Saleh is recuperating in Saudi Arabia from wounds suffered in an assassination attempt during battles with tribal factions that levelled parts of the capital Sanaa.
A Yemeni government official said on Wednesday Saleh would reconsider a plan brokered by Gulf neighbours for him to hand over power. He has backed out of it three times, raising fears of a downward spiral into anarchy beneficial to al-Qaeda militants entrenched in the Arabian Peninsula state.
“There is no solution other than dialogue to put an end to this crisis,” Brigadier General Saleh said in an interview.
In an apparent reference to the forces of Sadeq al-Ahmar, a leader of one part of the powerful al-Hashed tribal confederation, and General Ali Mohsen, a longtime ally who turned on the president, General Saleh played down the risk of more fighting while vowing to prevail in it.
“Some forces are pushing for confrontations. I reassure the Yemenis that this will not happen,” he said. “The concerns about a civil war in Yemen are false, God willing,” he told Reuters.
“But if they resort to arms or force, they know we will break their necks. And we will break the neck of anyone who tries to damage or harm the security and stability of the nation.”
Yemeni President Ali Abdullah Saleh, recovering in Riyadh from bomb blast wounds, said a Gulf proposal for power transfer which he avoided signing in the past should be treated positively.
The embattled veteran leader, whose regime has been facing protests since January, said his ruling General People’s Congress party stresses the need to “continue to deal positively with the Gulf initiative,” Saba state news agency reported Thursday.
Saleh was speaking to members of his party who were visiting him at his residence in the Saudi capital, Riyadh, where he is convalescing, it said.
“The GPC is committed to look for solutions for the dispute with the opposition,” Saleh said, stressing the need to “find a mechanism to implement (the proposal) in a way that would guarantee a peaceful and smooth transfer of power.”

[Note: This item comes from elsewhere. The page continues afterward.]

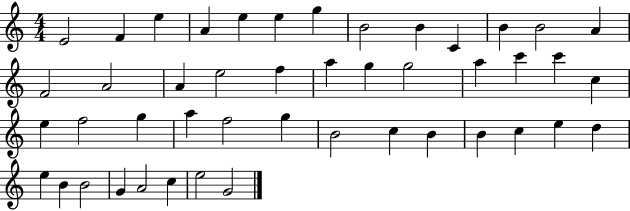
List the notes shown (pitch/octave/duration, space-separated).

E4/h F4/q E5/q A4/q E5/q E5/q G5/q B4/h B4/q C4/q B4/q B4/h A4/q F4/h A4/h A4/q E5/h F5/q A5/q G5/q G5/h A5/q C6/q C6/q C5/q E5/q F5/h G5/q A5/q F5/h G5/q B4/h C5/q B4/q B4/q C5/q E5/q D5/q E5/q B4/q B4/h G4/q A4/h C5/q E5/h G4/h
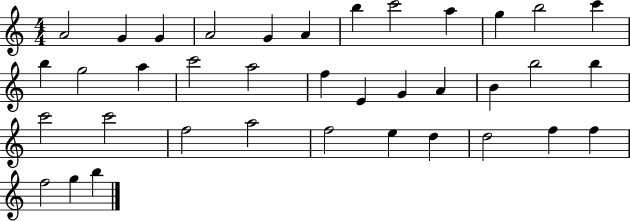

The president who has been in office since 1978, and whose term ends in 2013, insisted, however, that the implementation of the Gulf proposal should be done “in accordance with the constitution.”
The deal proposed by the Gulf Cooperation Council in April stipulated that Saleh would submit his resignation to parliament 30 days after passing power to his vice president, and tasking the opposition with forming a national unity government shared equally between the GPC and the opposition.
Presidential elections would follow two months later.